Boarding School for Princes (internado para príncipes)

CAPÍTULO 7. Jardines sin Príncipes.

El sol descendía perezoso sobre Elysianek, cubriendo los patios de entrenamiento y los caminos de piedra con una luz suave y anaranjada. Era uno de esos días donde todo parecía latir más despacio, como si el internado respirara junto a las estudiantes que lo recorrían.

Lejos del bullicio de los pabellones reales, Theodora caminaba junto a Eleanor y un pequeño grupo de chicas que solían acompañarlas en las tardes libres. No eran tan cercanas como lo eran entre ellas, pero servían para distraerse, para no parecer demasiado obvias. En Elysianek, hasta el silencio podía levantar sospechas.

—Vamos, vamos —decía Clemira, una princesa del reino de Orelien, de cabello crespo—. ¡No me digan que nadie se atreve a correr hasta la fuente con los ojos vendados!

—¿Por qué deberíamos hacer eso? —preguntó Minxa, hija de una noble sin título, que siempre llevaba un lazo atado a una coleta—. ¿Porque tú quieres que alguien se tropiece contigo de nuevo?

—¡No fue mi culpa que Theodora no me viera la última vez!

—Tú me empujaste al arbusto, Clemira —respondió Theodora con una risa contenida—. Y lo sabes.

Todas estallaron en risas. Incluso Eleanor, que normalmente no se permitía hacerlo tan fácilmente. Pero ese día, parecía diferente. Estaba relajada, más presente. Sus manos se rozaban accidentalmente con las de Theodora de vez en cuando, como si el contacto fuera inevitable.

—Yo voto por saltar el seto pequeño cerca del campo de arquería —dijo Anya, otra noble menor, con acento del norte.

—No necesitamos rompernos un tobillo hoy —replicó Minxa—. Aún tengo que pasar la prueba de lenguaje diplomático.

—¿Y tú, Eleanor? —preguntó Clemira de repente—. ¿Qué juego prefieres?

Eleanor dudó.

—Prefiero observar.

—¡Siempre tan misteriosa! —rió Anya—. Un día vas a desaparecer entre los árboles y nos harás creer que eres un espíritu.

Theodora miró a Eleanor de reojo. No había dicho mucho, pero bastaba con verla para saber que estaba feliz. O al menos, tranquila. Y eso le bastaba.

Después del juego improvisado (una extraña competencia de equilibrio sobre las piedras del estanque que terminó con Minxa empapada y Clemira huyendo), las chicas decidieron sentarse bajo una glorieta decorada con hiedra y lirios colgantes. El atardecer se filtraba entre las ramas, y todo se teñía de un color cobre que parecía sacado de un sueño.

Eleanor se había apartado un poco del grupo, fingiendo buscar algo en su bolso. Theodora la siguió discretamente, caminando tras ella con la excusa de ir por agua.

Cuando estuvieron lo suficientemente lejos, Eleanor habló sin mirarla.

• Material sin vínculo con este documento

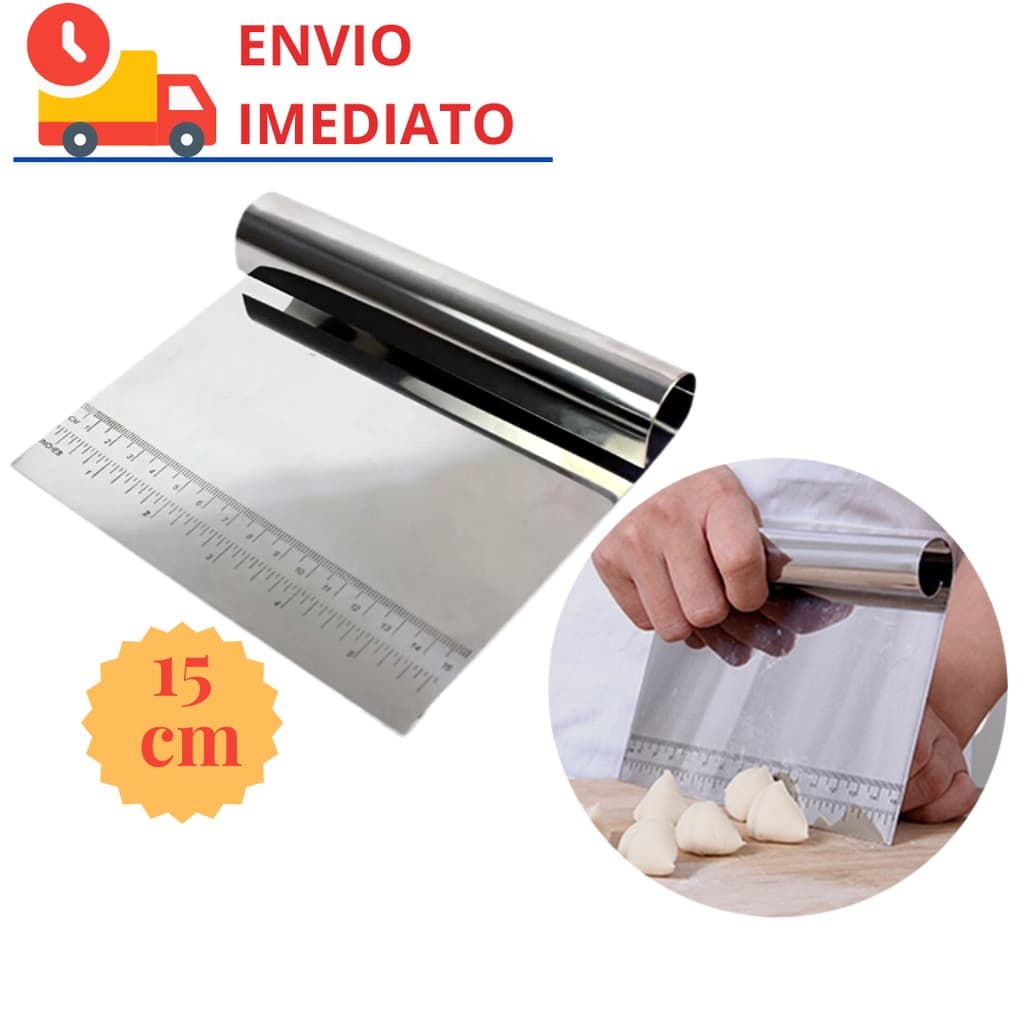 Espátula em Inox Prática Raspador De Massa Com Cabo Tubular 15cm Confeiteiro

—¿Tú también a veces deseas que este lugar no existiera?

Theodora parpadeó.

—¿Elysianek?

Eleanor asintió.

Theodora sintió la garganta apretarse. Miró de reojo a las otras chicas, que reían a carcajadas sin sospechar nada. Luego volvió a mirar a Eleanor.

—A veces sí —respondió—. A veces lo odio con todo.

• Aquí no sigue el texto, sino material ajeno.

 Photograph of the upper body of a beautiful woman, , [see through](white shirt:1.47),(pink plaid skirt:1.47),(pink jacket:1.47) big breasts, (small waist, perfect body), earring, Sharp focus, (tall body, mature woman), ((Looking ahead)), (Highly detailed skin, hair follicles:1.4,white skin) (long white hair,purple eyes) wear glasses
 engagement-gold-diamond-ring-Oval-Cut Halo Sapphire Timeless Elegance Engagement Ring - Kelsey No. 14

Eleanor giró hacia ella, y por un segundo sus rostros estuvieron demasiado cerca. Tan cerca que Theodora pudo contar las pecas que cruzaban el puente de su nariz. Pero ninguna de las dos se movió.

Ni un centímetro.

—Me alegra no ser la única —murmuró Eleanor.

—Nunca lo fuiste.

Más tarde, ya de regreso en sus dormitorios, Theodora se recostó en su cama sin cambiarse aún. Miraba el techo como si pudiera arrancarle respuestas. A lo lejos, podía oír risas en otros pasillos, puertas cerrarse, zapatos golpear el mármol.

Pero dentro de ella, todo estaba en calma.

Porque sabía que se estaba acercando demasiado a Eleanor. No con palabras. No con gestos.

Con todo lo que no se decía.

Y eso, en Elysianek, era más arriesgado que cualquier confesión abierta.

En otro ala del edificio, los príncipes tenían su propio ruido: golpes de entrenamiento, discusiones sobre política...

Los mundos estaban divididos. Lo sabían todos. Príncipes y princesas. Nobles y no nobles.

Las fronteras más difíciles no eran las que dividían reinos.

Eran las que uno construía dentro de sí mismo.